(EXTRACTED ENTRIES Opens)

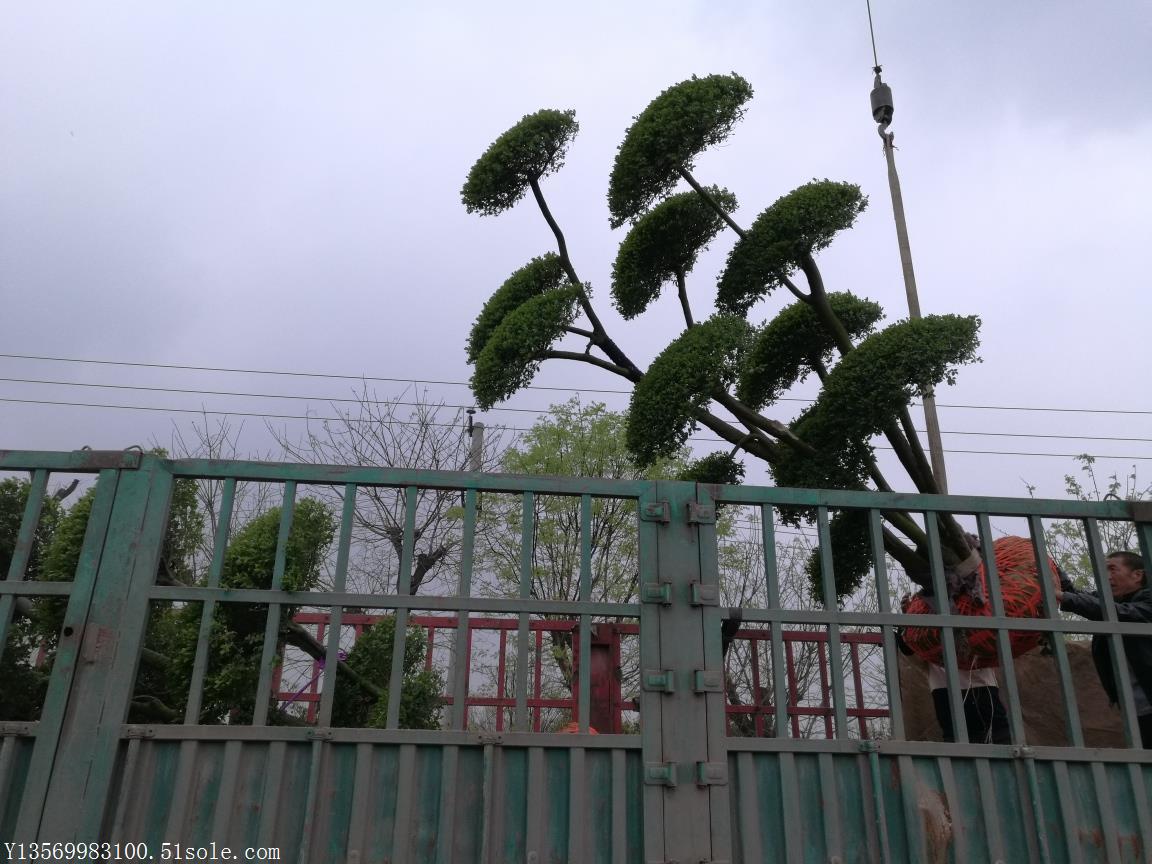鄢陵小葉女貞造型樹(shù)基地直銷(xiāo)、批發(fā)商、多少錢(qián)【鄢陵縣夢(mèng)宇花木園】
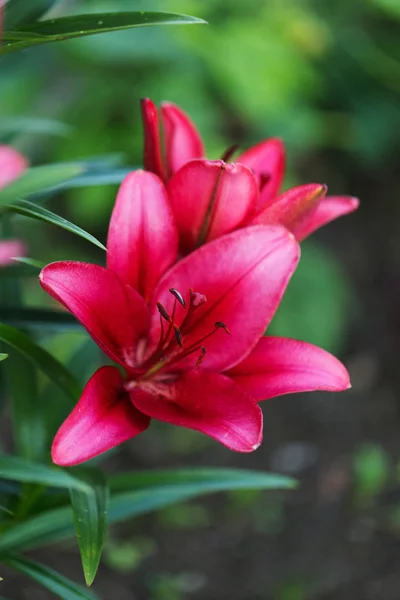 Rosa Lilja Blomma Våren Trädgården — Stockfoto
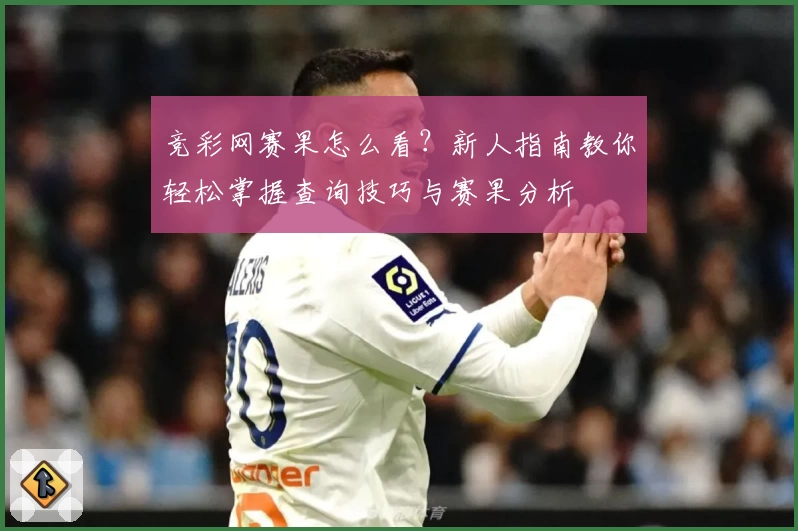 竞彩网赛果怎么看？新人指南教你轻松掌握查询技巧与赛果分析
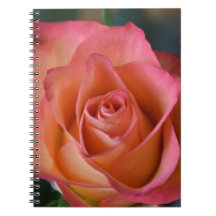 Floral Peach Pink Rose Journal or Notebook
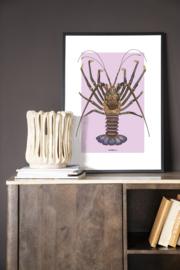 Art Print - Langosta | Urban Cotton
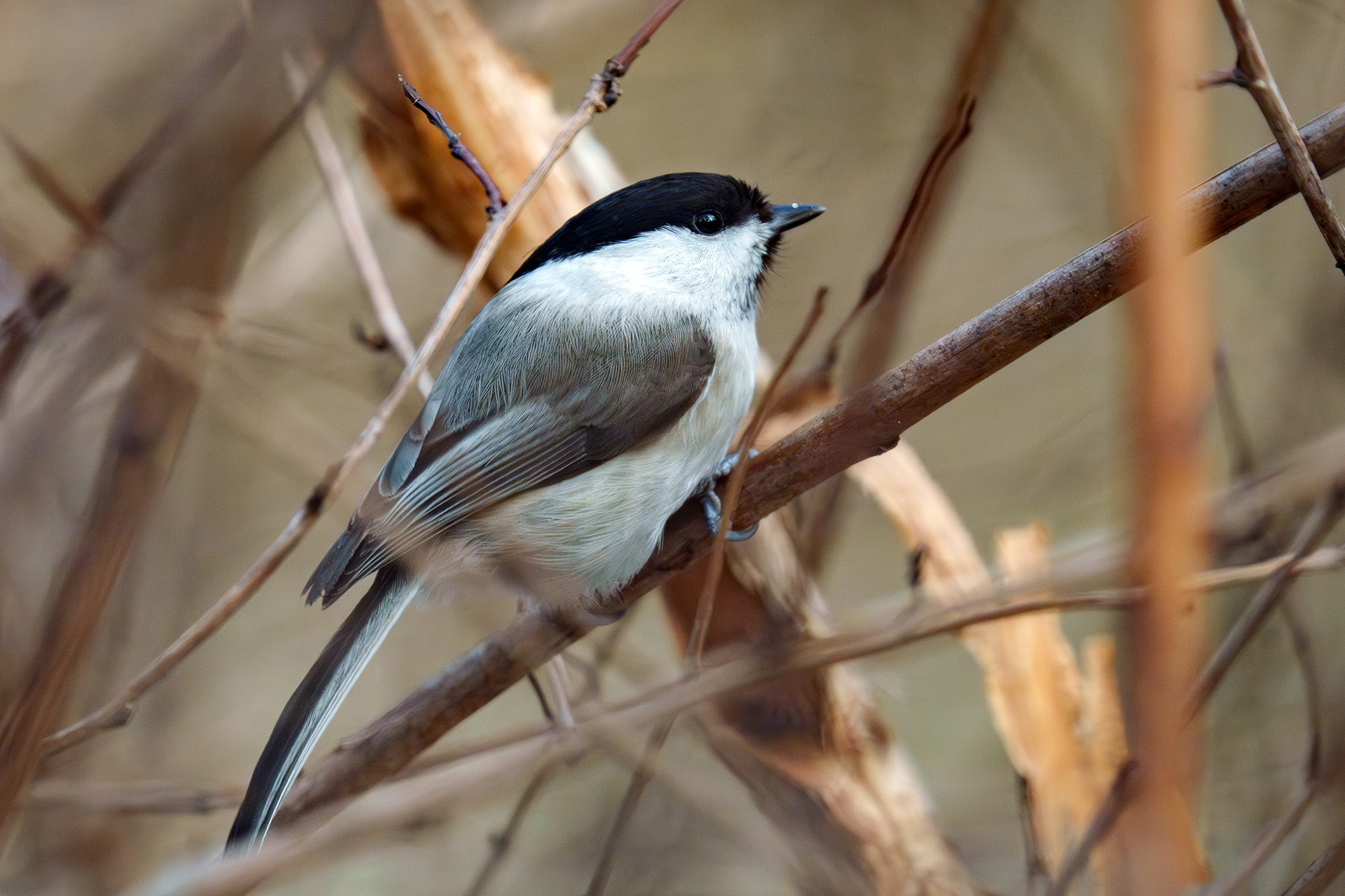 Удивительные мир птиц. Вокруг нас столько прекрасного — присмотритесь!. Ваш личный фотограф Марина Волкова
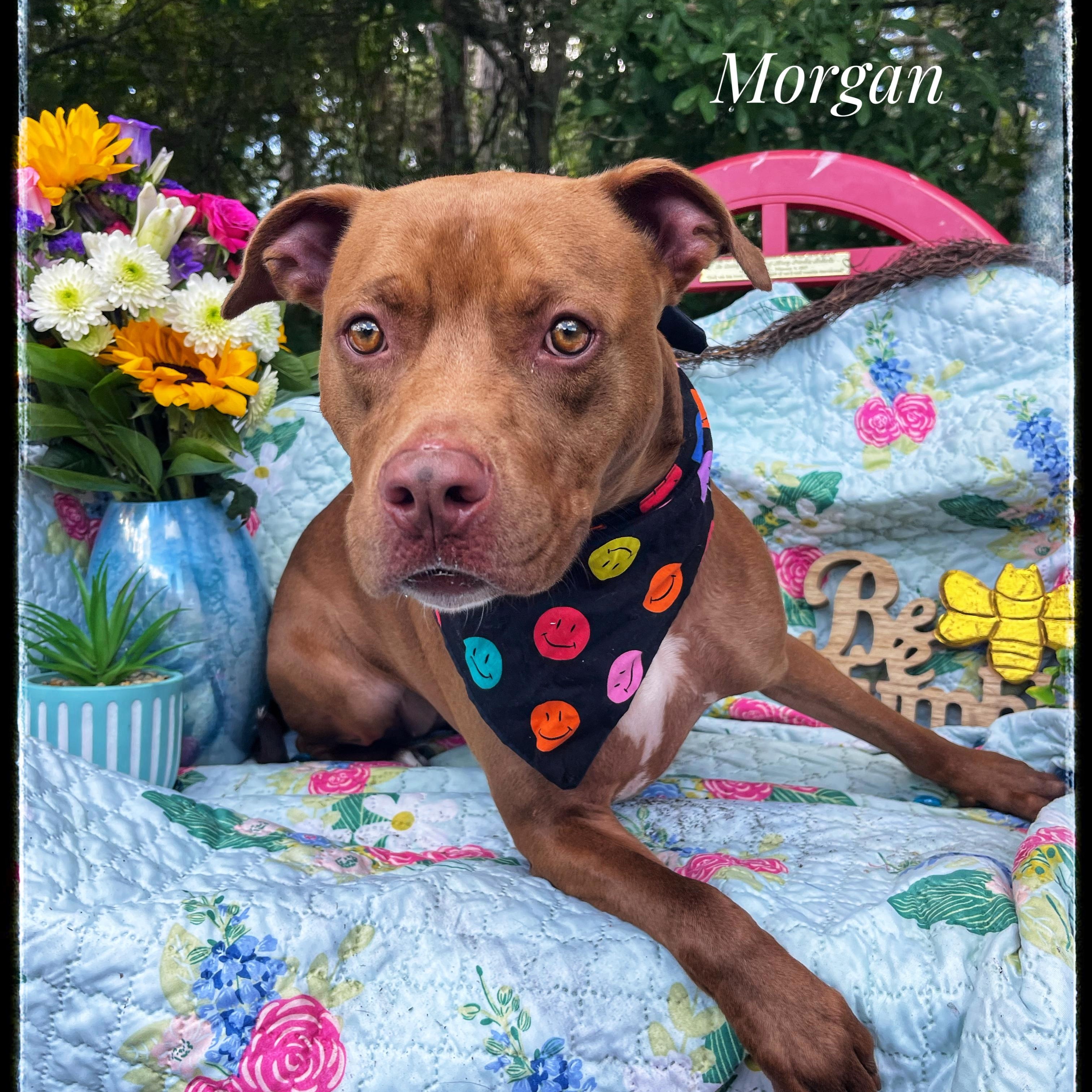 Morgan, Adult Female American Staffordshire Terrier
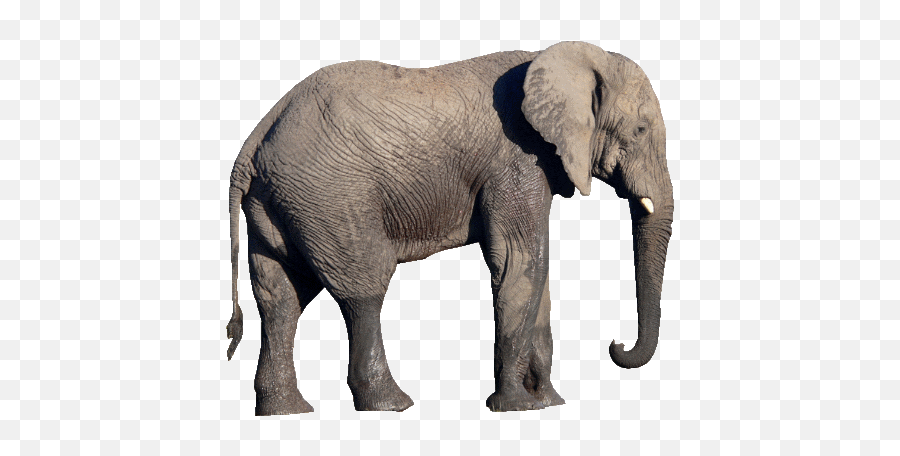 Transparent Elephant Background Png - National Symbols Of India,Elephant Transparent Background
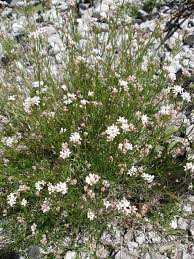 Image result for Kohautia cynanchica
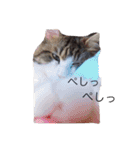 マイペースにゃんこーず（個別スタンプ：2）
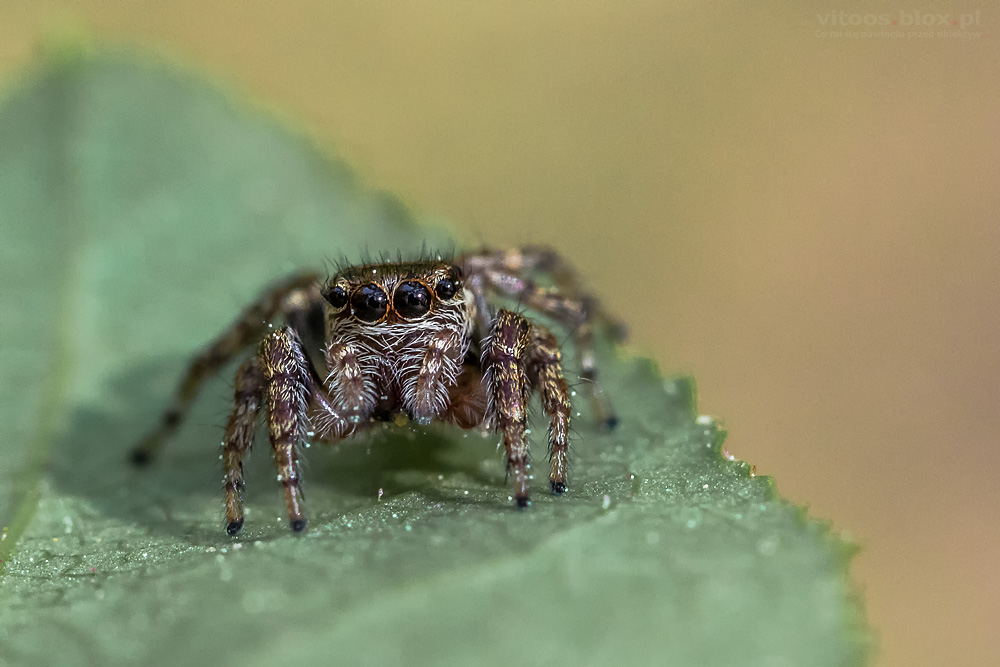 Fot.Witold Ochał, skakun, pajęczak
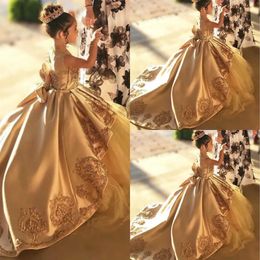 Schattige gouden meisjes jurken applices mouwloze kanten appliques optocht jurken bloemen een lijn bloemenmeisje gastheer verjaardag jurk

(EXTRACTED ENTRIES Closes)

*ACTIVITY:* Pictures aside, restate the entries word for word.

*THE ANSWER:*
鄢陵小葉女貞造型樹(shù)基地直銷(xiāo)、批發(fā)商、多少錢(qián)【鄢陵縣夢(mèng)宇花木園】
 Rosa Lilja Blomma Våren Trädgården — Stockfoto
 竞彩网赛果怎么看？新人指南教你轻松掌握查询技巧与赛果分析
 Floral Peach Pink Rose Journal or Notebook
 Art Print - Langosta | Urban Cotton
 Удивительные мир птиц. Вокруг нас столько прекрасного — присмотритесь!. Ваш личный фотограф Марина Волкова
 Morgan, Adult Female American Staffordshire Terrier
 Transparent Elephant Background Png - National Symbols Of India,Elephant Transparent Background
 Image result for Kohautia cynanchica
 マイペースにゃんこーず（個別スタンプ：2）
 Fot.Witold Ochał, skakun, pajęczak
 Schattige gouden meisjes jurken applices mouwloze kanten appliques optocht jurken bloemen een lijn bloemenmeisje gastheer verjaardag jurk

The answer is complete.